Ingénieur de formation, Mathieu Lotz a accompli un virage radical vers l'agriculture qui a pu surprendre dans son entourage familial ou amical, mais ce projet porté par une conviction profonde et les bons retours des clients, confirment la pertinence d'un choix assumé à 100%.

Ingénieur de formation, il aurait pu suivre une voie prestigieuse et confortable. Il a fait un autre choix et est devenu exploitant agricole sur des cultures maraîchères avec une particularité : sa structure est en plein Dijon.

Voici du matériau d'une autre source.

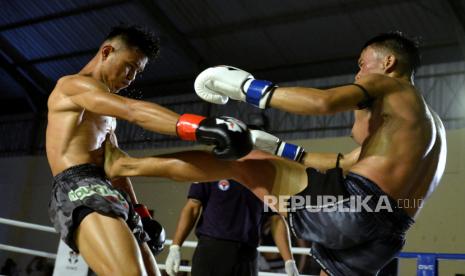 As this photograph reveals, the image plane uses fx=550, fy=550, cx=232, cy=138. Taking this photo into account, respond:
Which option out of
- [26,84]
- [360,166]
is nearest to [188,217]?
[360,166]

Les occupants d’une barre d’immeuble de la rue des Valendons à Dijon avaient déjà la chance, lorsqu’ils mettaient le nez à leur balcon, d’avoir dans leur champ de vision, les fleurs du service des espaces verts municipaux. Mais depuis un an et demi, il y a maintenant des tomates, des salades ou des courgettes qui poussent là. Et ces mêmes habitants doivent, de temps en temps, apercevoir la longue silhouette de Mathieu Lotz, qui circule et œuvre au milieu de ses productions. On est en ville, et pourtant, c’est bien un agriculteur qui travaille au quotidien ici. Notre homme fait de la production maraîchère sur 3.000 mètres carrés installés au milieu des parcelles et des serres des espaces verts de la ville. Alors que l’agriculture urbaine est devenue un concept dans l’air du temps, lui a décidé d’emprunter une voie singulière et à laquelle il n’était pas destiné, a priori. Car Mathieu Lotz, né dans le nord de l’Alsace, à Haguenau, précisément, a une formation d’ingénieur. Pendant huit ans, il a exercé cette fonction dans l’industrie ou la logistique, au sein de grands groupes français et internationaux. « J’étais dans la production de biens de consommation, explique-t-il, mais, il y a trois ans, j’ai ressenti le besoin de donner plus de sens à ce que je faisais. J’ai eu envie de m’impliquer dans la production alimentaire ».

RARETÉ DU FONCIER

N’étant pas lui-même issu d’un milieu paysan, il a dû accompagner ce désir de changement d’une formation adéquate. Mathieu Lotz a donc préparé un Brevet professionnel de responsable d’exploitation agricole (BPREA) au lycée agricole de Quetigny, en partenariat avec la Chambre d’agriculture. « En parallèle, je cherchais un terrain où je pouvais m’installer, poursuit-il. Cet aspect-là s’est révélé très compliqué, même lorsqu’on recherche des petites surfaces pour du maraîchage». Pendant une année, également, il a peaufiné sa formation sur un plan pratique en travaillant chez un maraîcher de la région. Face à la difficulté de trouver du terrain, il tente des pistes moins traditionnelles et frappe à la porte de la ville de Dijon afin de se renseigner sur un éventuel foncier disponible.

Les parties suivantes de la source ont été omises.